SEP IRA

SEP IRA Contribution Limits for 2022

The maximum you can save in a SEP IRA is increasing by $3,000 for 2022.

Self-employed workers and small-business owners who want an easy and inexpensive retirement plan should consider a Simplified Employee Pension IRA, or SEP IRA for short. Savers are also allowed to stash away more for retirement with a SEP IRA compared to an employer-sponsored 401(k) plan.

2022 SEP IRA Contribution Limits

For 2022, a self-employed business owner effectively can salt away as much as $61,000, but no more than 25% of their compensation. (That's up from the maximum of $58,000 in 2021.) In comparison, a traditional IRA limits contributions to $6,000 for 2022 for those younger than 50, or $7,000 for those 50 or older thanks to a $1,000 "catch-up" contribution.

SEP IRAs are available for a variety of small-business types, including sole proprietorships, partnerships, limited liability companies, S corporations and C corporations. The plans can be an especially attractive option for a small business with few employees.

There's a twist, however, when it comes to SEP IRAs.
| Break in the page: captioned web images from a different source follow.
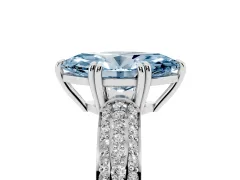 Fancy Blue Marquise Cut Diamond Solitaire Ring Set in Platinum with Multi-Row Round Pavé Band and Prong Setting
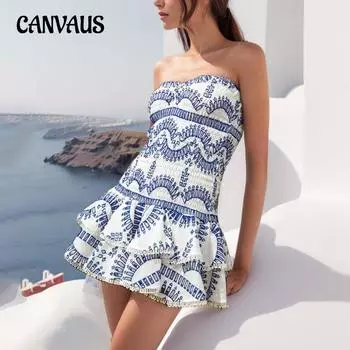 Летние женские платья, сексуальное короткое платье в стиле Spice Girl с эластичной резинкой на талии и грудью, с вышивкой и оборками S чёрный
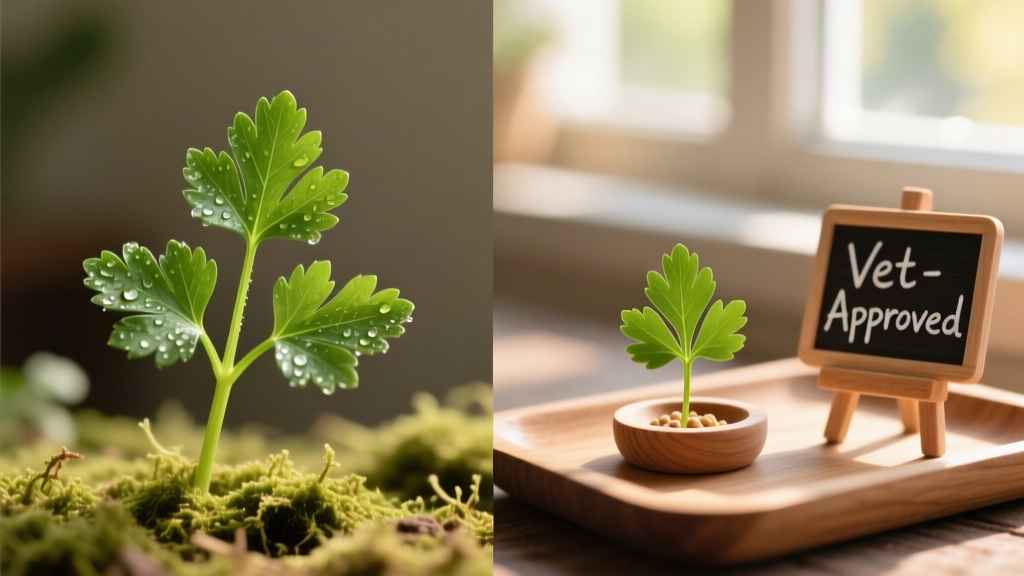 Side-by-side comparison: a whole parsley sprig vs. a single leaf sized appropriately for a hamster
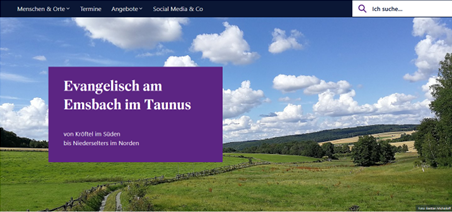 Startseite der neuen Website des Nachbarschaftsraum A (Evangelisch am Emsbach)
Unlike some other retirement plans, a SEP IRA allows only the employer to contribute. And whatever percentage of compensation employers set aside in the plan for themselves is the same percentage of pay they must contribute for each eligible employee.
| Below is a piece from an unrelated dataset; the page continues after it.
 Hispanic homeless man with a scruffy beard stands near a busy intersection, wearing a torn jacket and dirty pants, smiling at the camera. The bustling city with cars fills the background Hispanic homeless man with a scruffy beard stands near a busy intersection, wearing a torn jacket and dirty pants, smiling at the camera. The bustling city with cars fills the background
To be eligible to participate in an employer's SEP IRA, employees must be at least 21 years old, have worked at the business for three of the past five years and have earned at least $650 from the job in 2022.
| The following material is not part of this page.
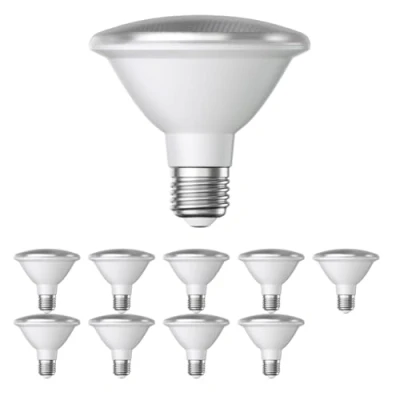 Imagen de ledscom.de 10 unidades Bombilla LED E27, PAR30 cuello corto, blanco (4200 K), 13 W, 1025lm, 43, espejo reflector (plateado)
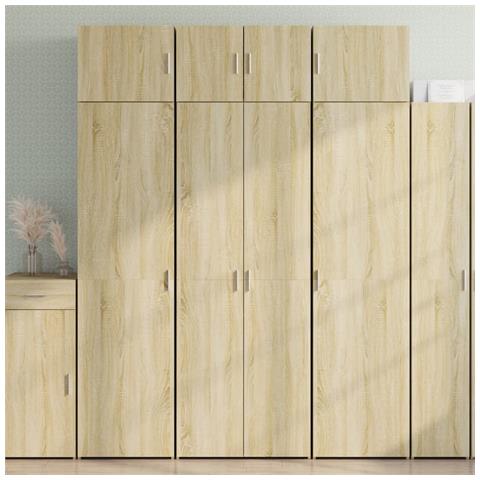 Lusso Casadino -  Armadietto Rovere Sonoma 70x42,5x225 Cm In Legno Multistrato - Foto 8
SEP IRAs vs. Traditional IRAs

SEP IRAs follow many of the same rules as traditional IRAs. You generally must be at least 59 1/2 to take withdrawals from the account without paying a 10% penalty.

And once you turn age 72, you will have to start taking required minimum distributions (RMDs). You have until April 1 of the year after you turn 72 to take your first required minimum distribution, but after that you must take RMDs by December 31 of each year (even if you took your first RMD on April 1 of that same year).

Since employers make the contributions, not employees, catch-up contributions for retirement savers 50 and over are not permitted in SEP IRAs.

A SEP IRA is easy to open and widely available at financial institutions that offer individual retirement accounts. This type of account is a good option for a worker with a side gig out of his or her regular job. It would allow the worker to contribute fully to his or her employer's 401(k) and use the SEP IRA for self-employment income.